Впрочем, теория практики далека от того, чтобы просто поступиться своими теоретическими притязаниями ради практического опыта или поддерживать идеализированное представление о практике. Многочисленные указания на то, что мы разрушаем логику практики, когда пытаемся ухватить ее с помощью теоретических моделей и построений, преследуют цель подступиться к ее практическому смыслу за счет того, чтобы вновь вернуть ее "на исходную почву практики" (ibid.: 171 [там же: 182]). Под этим имеется в виду, что теоретические построения и объяснения хотя и годятся для прояснения понятийных взаимосвязей, но бьют мимо цели, когда доходит до выяснения практических вопросов: "Можно говорить, что гимнастика – это геометрия, но только не считать самого гимнаста геометром" (ibid.: 170 [там же: 181]). На фоне того, что – разовьем эту метафору – геометры встречаются в повседневной жизни общества скорее в виде исключения, а гимнасты в виде правила, становится отчетливо понятно, какое значение имеет логика практики. В той мере, в какой социальные действия имеют в первую очередь практическую релевантность (или, иными словами: они порождаются и понимаются практически, прежде чем в них теоретически вникают, анализируют их и интерпретируют), дело заключается в том, чтобы познать их в их актуальных ("в пылу боя") и ситуативных ("не сходя с места") сложностях, срочностях, необходимостях, удобствах и – не в последнюю очередь – противоречивостях. А как раз это и блокируют генерализирующие (синоптические, аналогические, синхронизирующие и проч.) формы тотализации. Только если удается увидеть социальные действия в их практическом, привязанном к телу смысле, а не как конкретные реализации общих объяснений и теоретических схем, – например, когда временные процессы определяются по своей "длительности", а пространственные отношения как "геометрическая практика", – раскрывается их практическая логика, которая оказывается совсем не похожей на "логику логики" (ibid.: 157 [там же: 167 – "нелогичная логика"]).
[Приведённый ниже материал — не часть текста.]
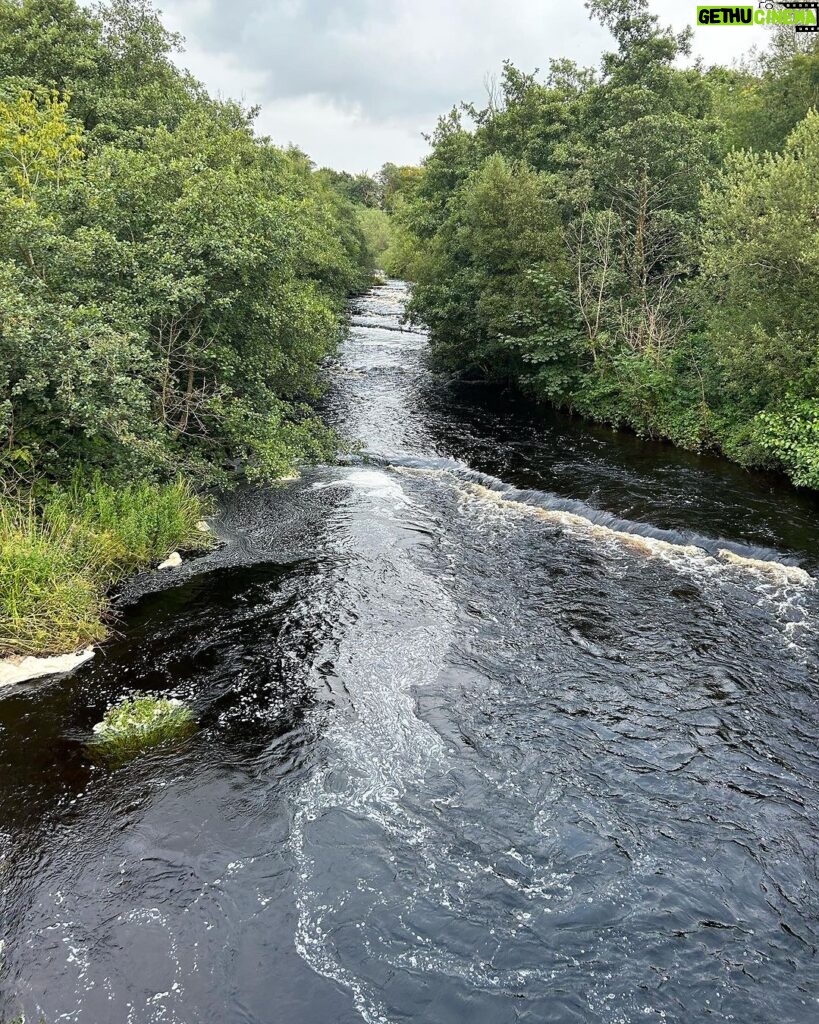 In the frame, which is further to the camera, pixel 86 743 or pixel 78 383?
pixel 78 383

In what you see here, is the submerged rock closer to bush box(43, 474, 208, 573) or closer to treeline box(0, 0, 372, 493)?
bush box(43, 474, 208, 573)

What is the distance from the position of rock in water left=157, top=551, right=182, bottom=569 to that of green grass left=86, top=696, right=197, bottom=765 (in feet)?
13.6

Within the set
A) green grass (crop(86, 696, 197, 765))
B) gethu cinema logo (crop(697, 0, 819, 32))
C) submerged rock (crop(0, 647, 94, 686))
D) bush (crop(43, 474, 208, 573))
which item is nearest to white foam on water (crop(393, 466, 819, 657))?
bush (crop(43, 474, 208, 573))

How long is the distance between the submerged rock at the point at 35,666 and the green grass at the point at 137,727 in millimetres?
1407

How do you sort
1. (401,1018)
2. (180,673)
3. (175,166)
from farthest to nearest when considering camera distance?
(175,166) → (180,673) → (401,1018)

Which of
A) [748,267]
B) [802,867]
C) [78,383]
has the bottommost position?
[802,867]

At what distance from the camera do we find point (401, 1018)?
543 centimetres

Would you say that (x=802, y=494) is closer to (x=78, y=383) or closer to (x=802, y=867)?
(x=802, y=867)

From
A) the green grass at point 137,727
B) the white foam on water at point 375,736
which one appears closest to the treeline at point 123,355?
the green grass at point 137,727

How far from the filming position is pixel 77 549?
36.0 ft

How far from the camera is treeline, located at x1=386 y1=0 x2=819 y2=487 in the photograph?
16906mm

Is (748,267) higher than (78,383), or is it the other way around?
(748,267)

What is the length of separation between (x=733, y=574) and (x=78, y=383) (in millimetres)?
12978

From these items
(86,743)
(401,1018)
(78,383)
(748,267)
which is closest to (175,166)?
(78,383) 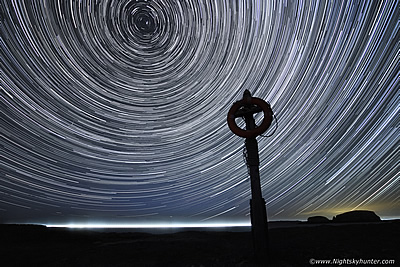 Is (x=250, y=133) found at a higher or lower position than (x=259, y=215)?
higher

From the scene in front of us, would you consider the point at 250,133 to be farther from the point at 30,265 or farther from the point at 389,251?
the point at 30,265

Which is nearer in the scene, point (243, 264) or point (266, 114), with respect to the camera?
point (243, 264)

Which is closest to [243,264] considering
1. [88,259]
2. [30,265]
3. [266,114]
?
[266,114]

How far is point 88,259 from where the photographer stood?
27.1 feet

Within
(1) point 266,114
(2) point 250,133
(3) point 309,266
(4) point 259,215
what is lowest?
(3) point 309,266

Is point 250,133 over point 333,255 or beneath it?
over

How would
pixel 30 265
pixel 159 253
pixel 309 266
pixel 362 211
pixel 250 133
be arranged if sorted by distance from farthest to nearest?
pixel 362 211 → pixel 159 253 → pixel 30 265 → pixel 250 133 → pixel 309 266

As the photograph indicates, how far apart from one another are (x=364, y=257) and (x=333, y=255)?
2.68ft

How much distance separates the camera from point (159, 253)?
867 cm

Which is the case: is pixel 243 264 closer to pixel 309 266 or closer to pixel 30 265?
pixel 309 266

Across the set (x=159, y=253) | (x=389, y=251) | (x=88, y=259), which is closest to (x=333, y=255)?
(x=389, y=251)

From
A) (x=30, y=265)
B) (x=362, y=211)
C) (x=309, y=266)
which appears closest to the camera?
(x=309, y=266)

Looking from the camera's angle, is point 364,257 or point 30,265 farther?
point 30,265

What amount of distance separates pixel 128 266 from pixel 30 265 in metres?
4.32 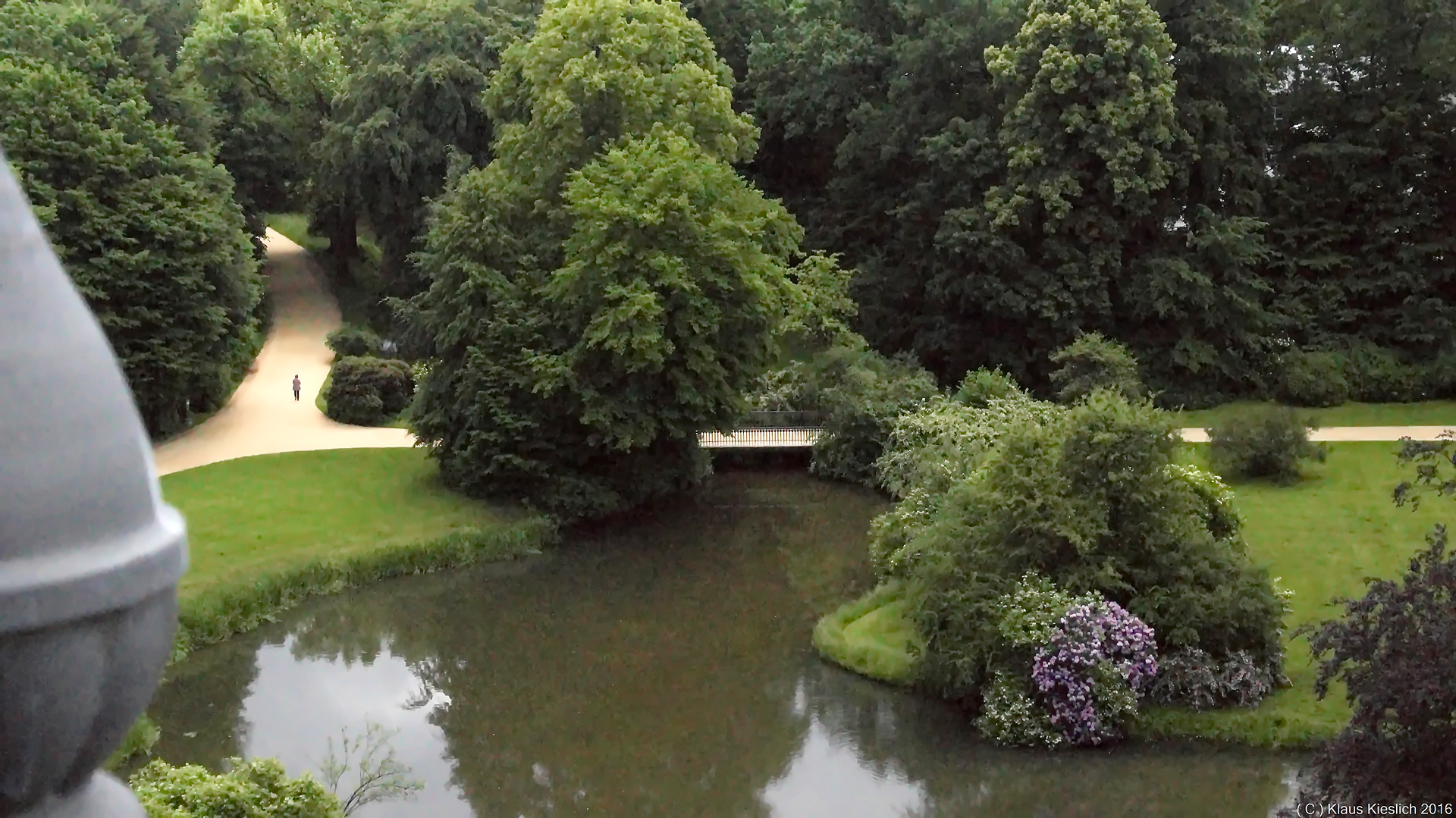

Таким образом, вместо внешней, якобы независимой исходной позиции, взгляд из которой только и превращает те или иные социальные феномены, которые были описаны, в объекты, и вместо уничтожения дистанции за счет практического участия Бурдье предлагает рассматривать социальные практики – такие как жесты, привычки, действия или суждения – в качестве выражений практического смысла, не поддающиеся ни объективистскому, ни субъективистскому растворению. Поэтому праксеологический подход означает интерес прежде всего к взаимосвязям между видами телесного поведения, формами практического понимания, специфичными для каждого данного поля условиями и культурными смысловыми паттернами. Тем самым отвергаются все социально – и культурно-теоретические подходы, в которых структуры и практики интерпретируются независимо друг от друга, и поэтому не случайно связь между обоими полюсами стоит в центре концепции габитуса, разработанной Бурдье.

Понятие габитуса помогает лучше объяснить суть праксеологического подхода постольку, поскольку в нем видны взаимосвязи между позициями, занимаемыми акторами в социальном пространстве, и специфичными для этих акторов типами поведения и стилями жизни. В отличие от структуралистских подходов, в которых взаимосвязи между паттернами социального порядка и паттернами индивидуальных действий односторонне интерпретируются в пользу предзаданных общественных структур, а также в отличие от теорий из области социальной феноменологии, в которых "осмысленное устройство социального мира" объясняется интенциональными актами понимания, Бурдье располагает габитус как бы между структурами и действиями, порядками и перспективами или между позициями и диспозициями:

В качестве опосредующего звена между позицией или положением в социальном пространстве и специфическими практиками, пристрастиями и т. д. выступает то, что я называю габитусом, т. е. общая базовая установка, диспозиция по отношению к миру, которая ведет к систематическому занятию определенных позиций, но при этом в силу того, что она представляет собой отражение всей прежней жизни, может быть относительно независима от позиции, занимаемой в рассматриваемый момент времени. Иными словами, существует – и это достаточно неожиданно – взаимосвязь между самыми несхожими вещами: как человек говорит, танцует, смеется, читает, что он читает, что ему нравится, какие у него знакомые и друзья и т. д. Все это тесно связано одно с другим (Bourdieu 1989: 25).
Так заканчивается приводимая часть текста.